| PROMPT |
Your job is to report every line of the entries that has "Seat".

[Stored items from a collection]
——————————

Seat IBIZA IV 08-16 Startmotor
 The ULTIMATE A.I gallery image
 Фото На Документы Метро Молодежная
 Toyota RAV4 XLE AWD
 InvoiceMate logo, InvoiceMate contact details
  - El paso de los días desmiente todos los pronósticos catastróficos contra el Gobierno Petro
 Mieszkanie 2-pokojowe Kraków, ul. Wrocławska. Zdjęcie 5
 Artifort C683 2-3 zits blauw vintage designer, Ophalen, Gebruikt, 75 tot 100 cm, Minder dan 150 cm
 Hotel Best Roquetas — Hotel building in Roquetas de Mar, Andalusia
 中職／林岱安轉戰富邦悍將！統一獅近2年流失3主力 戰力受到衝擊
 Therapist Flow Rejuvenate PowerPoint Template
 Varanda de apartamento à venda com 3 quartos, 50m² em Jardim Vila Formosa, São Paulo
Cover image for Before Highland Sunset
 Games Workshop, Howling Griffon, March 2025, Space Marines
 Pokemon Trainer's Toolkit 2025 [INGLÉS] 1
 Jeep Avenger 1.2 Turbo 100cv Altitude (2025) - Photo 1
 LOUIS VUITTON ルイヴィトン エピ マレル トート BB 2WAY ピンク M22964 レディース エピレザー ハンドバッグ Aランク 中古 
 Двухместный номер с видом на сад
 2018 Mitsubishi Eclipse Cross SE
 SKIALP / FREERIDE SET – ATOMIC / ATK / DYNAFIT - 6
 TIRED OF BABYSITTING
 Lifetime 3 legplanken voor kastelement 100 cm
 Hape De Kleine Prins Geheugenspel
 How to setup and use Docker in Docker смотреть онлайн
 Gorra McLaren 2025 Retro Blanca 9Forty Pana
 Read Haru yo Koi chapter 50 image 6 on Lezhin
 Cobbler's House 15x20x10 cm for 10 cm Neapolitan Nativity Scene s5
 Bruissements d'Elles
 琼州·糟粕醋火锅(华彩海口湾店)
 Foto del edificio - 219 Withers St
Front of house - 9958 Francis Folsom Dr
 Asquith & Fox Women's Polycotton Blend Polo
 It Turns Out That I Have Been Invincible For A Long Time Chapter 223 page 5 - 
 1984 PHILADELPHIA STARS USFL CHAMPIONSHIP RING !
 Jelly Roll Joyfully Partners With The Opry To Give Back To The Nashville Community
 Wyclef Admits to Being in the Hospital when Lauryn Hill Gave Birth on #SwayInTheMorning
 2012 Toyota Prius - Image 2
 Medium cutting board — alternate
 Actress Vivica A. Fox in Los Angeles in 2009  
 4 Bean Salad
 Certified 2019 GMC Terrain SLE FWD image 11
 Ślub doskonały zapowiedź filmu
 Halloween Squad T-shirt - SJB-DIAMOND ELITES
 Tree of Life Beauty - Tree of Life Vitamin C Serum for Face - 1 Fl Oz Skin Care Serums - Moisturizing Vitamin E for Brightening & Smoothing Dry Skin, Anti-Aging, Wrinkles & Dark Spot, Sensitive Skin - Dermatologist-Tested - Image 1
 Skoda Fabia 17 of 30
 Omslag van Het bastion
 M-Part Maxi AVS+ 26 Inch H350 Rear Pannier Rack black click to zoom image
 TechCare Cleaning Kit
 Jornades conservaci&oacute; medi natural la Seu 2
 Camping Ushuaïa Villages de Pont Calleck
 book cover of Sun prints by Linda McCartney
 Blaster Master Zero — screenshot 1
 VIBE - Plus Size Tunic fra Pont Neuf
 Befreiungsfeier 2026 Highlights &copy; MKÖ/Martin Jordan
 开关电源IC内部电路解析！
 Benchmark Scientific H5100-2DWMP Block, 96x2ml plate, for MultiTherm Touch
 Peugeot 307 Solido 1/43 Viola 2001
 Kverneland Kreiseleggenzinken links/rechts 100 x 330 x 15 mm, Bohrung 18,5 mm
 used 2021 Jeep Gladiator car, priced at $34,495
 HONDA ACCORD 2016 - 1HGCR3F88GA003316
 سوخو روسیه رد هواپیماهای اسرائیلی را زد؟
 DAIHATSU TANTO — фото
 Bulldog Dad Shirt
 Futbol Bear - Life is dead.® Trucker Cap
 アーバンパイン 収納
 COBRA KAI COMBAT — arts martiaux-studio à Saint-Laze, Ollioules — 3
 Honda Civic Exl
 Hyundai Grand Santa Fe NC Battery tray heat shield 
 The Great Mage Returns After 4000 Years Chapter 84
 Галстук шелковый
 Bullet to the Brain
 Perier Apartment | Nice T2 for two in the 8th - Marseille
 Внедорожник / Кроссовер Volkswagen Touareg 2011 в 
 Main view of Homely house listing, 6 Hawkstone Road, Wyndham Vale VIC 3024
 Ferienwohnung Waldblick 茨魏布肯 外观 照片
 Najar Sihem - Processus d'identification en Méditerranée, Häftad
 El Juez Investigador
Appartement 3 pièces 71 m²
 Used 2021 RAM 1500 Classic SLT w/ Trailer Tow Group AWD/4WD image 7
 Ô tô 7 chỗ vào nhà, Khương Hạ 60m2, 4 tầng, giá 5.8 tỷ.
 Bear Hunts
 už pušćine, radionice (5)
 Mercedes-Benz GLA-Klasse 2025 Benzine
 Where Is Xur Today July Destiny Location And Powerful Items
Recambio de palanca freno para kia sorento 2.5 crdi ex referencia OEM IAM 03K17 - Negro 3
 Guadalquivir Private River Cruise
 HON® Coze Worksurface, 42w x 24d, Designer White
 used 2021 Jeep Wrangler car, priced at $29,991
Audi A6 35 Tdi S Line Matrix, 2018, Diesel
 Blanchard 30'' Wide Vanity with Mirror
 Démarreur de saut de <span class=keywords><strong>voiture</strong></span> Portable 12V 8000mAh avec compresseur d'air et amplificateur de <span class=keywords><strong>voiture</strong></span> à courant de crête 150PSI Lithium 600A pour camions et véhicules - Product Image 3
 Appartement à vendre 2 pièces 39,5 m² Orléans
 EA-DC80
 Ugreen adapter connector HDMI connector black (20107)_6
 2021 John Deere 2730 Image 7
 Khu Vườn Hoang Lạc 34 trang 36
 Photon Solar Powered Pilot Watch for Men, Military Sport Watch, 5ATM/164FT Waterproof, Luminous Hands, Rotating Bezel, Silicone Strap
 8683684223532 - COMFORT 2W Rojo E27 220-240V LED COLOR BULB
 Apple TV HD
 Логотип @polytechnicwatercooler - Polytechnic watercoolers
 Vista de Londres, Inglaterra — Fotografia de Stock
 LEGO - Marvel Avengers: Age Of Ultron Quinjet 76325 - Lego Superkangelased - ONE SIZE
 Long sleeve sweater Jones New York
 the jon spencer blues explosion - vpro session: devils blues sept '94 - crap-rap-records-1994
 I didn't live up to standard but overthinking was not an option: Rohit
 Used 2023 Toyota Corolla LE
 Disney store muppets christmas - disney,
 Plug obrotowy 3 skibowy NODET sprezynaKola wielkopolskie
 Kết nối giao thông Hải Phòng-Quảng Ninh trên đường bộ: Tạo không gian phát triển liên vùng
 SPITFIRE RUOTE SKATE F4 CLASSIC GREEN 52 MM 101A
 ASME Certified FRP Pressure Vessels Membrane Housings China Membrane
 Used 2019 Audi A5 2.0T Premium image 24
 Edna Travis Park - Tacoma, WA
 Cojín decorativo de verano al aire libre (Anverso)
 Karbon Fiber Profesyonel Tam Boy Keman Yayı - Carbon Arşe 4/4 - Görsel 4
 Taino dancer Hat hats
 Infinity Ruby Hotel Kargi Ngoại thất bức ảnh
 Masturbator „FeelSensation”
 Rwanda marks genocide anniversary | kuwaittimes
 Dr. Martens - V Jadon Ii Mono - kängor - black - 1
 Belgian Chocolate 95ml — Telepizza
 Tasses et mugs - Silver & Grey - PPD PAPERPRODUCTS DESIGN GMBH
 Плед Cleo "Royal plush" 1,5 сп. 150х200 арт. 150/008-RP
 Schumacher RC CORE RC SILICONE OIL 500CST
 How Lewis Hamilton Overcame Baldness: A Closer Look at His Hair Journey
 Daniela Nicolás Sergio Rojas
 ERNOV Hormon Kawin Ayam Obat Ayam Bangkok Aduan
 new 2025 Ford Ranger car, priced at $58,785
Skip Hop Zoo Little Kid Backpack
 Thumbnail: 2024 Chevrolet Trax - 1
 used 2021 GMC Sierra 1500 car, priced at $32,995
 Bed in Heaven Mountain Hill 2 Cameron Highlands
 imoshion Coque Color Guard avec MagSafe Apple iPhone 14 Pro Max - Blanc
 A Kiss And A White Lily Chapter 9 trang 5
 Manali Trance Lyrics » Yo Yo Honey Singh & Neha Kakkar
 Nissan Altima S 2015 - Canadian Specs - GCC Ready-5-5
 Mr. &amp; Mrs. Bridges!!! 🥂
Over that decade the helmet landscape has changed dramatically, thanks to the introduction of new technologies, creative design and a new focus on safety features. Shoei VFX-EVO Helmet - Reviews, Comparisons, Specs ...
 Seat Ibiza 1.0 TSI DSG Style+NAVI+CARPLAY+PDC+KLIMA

——————————

| EXPECTED ANSWER |
Seat IBIZA IV 08-16 Startmotor
 Seat Ibiza 1.0 TSI DSG Style+NAVI+CARPLAY+PDC+KLIMA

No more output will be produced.